Rhenald Kasali dan Perubahan
Rhenald Kasali dan Perubahan

Intisari-Online.com - Empat orang yang sangat pintar mendongeng baru-baru ini memukau sekitar 200-an hadirin di Hotel Santika, KS Tubun, Jakarta, 30 Mei lalu. Acaranya sendiri adalah penandatanganan kerja sama antara Kompas Gramedia dan Indonesia Mengajar. Tentang itu Anda dapat membacanya di kolom berita. Mari kita menyoroti hal lain.

Menurut pengamatan Rhenald Kasali (52), kaum cerdik pandailah yang biasanya paling agresif menentang perubahan. Siapa yang paling menentang Yesus ketika melontarkan gagasan-gagasan revolusionernya? Kaum Farisi (ahli-ahli taurat). Siapa yang menentang Galileo Galilei saat ia mengumumkan bahwa bukan Matahari yang mengitari Bumi, melainkan sebaliknya? Gereja, yang pada abad pertengahan di Eropa, adalah identik dengan gudang cerdik-pandai.

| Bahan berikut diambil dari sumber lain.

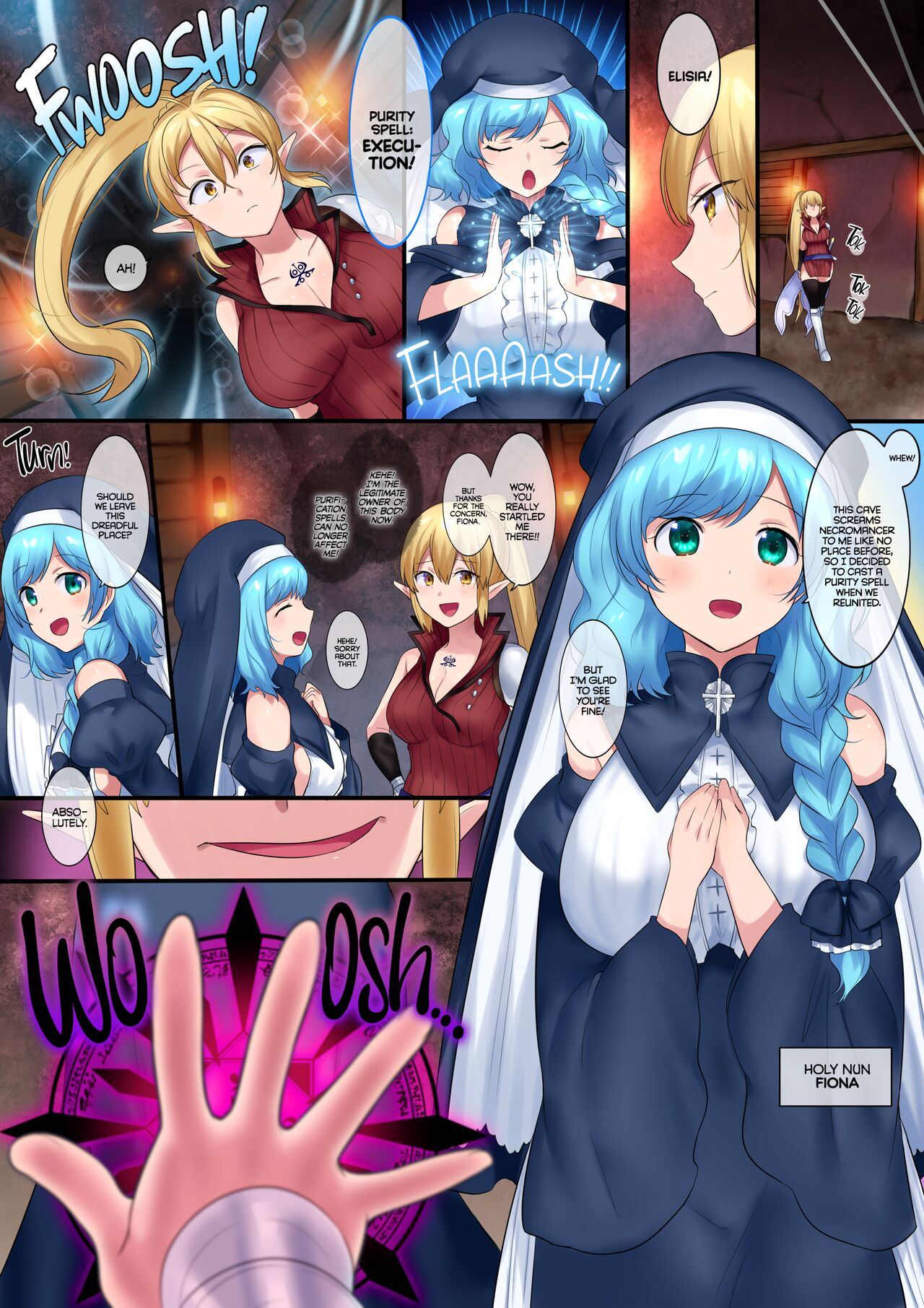 Tamautsushi no Majutsu | Spirit Swap - Page 23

Lalu, siapa yang mencanangkan perubahan, bisa-bisa harus membayarnya dengan nyawa. Abraham Lincoln, presiden ke-16 AS tewas ditembak tahun 1865 karena dialah ujung tombak gerakan anti-perbudakan. Di Tanah Air, kita tentu masih ingat Munir, tokoh hak azasi manusia dan pejuang antikorupsi yang tewas diracun pada tahun 2004.

Rhenald Kasali, guru besar ilmu manajemen di Fakultas Ekonomi Universitas Indonesia yang juga pendiri Rumah Perubahan, mengingatkan, perubahan itu tidak hanya melelahkan, tapi juga perlu dikelola.

Tetiba saya teringat curhatan seorang kawan. Kita sebut saja namanya Diesta. Dua tahun lalu ia bersama keluarganya bermigrasi. Tak terpikirkan bahwa sebagai imigran, ternyata cukup sulit mendapatkan pekerjaan yang sesuai dengan profesi mereka sebelumnya. Demi menyambung hidup, suaminya yang adalah dokter senior bekerja sebagai asisten dokter gigi. Ia sendiri mengawali kerjanya di restoran pizza, padahal dulu apoteker.

Perubahan bahkan lebih terasa dalam kehidupan di rumah. Semua pekerjaan rumah tangga harus dilakukan sendiri karena tak ada pembantu. Suami dan istri sama-sama lelah mencari nafkah. Budaya paternalistik, yang mengistimewakan laki-laki, tak dipraktikkan lagi.

Kini suaminya kehilangan gairah kerja. Lebih parah lagi, ia juga kehilangan kepercayaan diri. Mereka sering bertengkar dan ujung-ujungnya saling menyalahkan. Terakhir saya mulai mendengar kata-kata ”Cerai!” OMG.

Berniat melakukan perubahan demi kemajuan pastilah baik. Tapi bila lupa mengelolanya, bisa berakibat parah. Seperti Diesta. Bahkan kata Rhenald Kasali, seperti Indonesia. Bila kita sedang mengadakan perubahan, apa pun itu, sebaiknya menyimak pesan Rhenald itu. Saya pun berniat sama.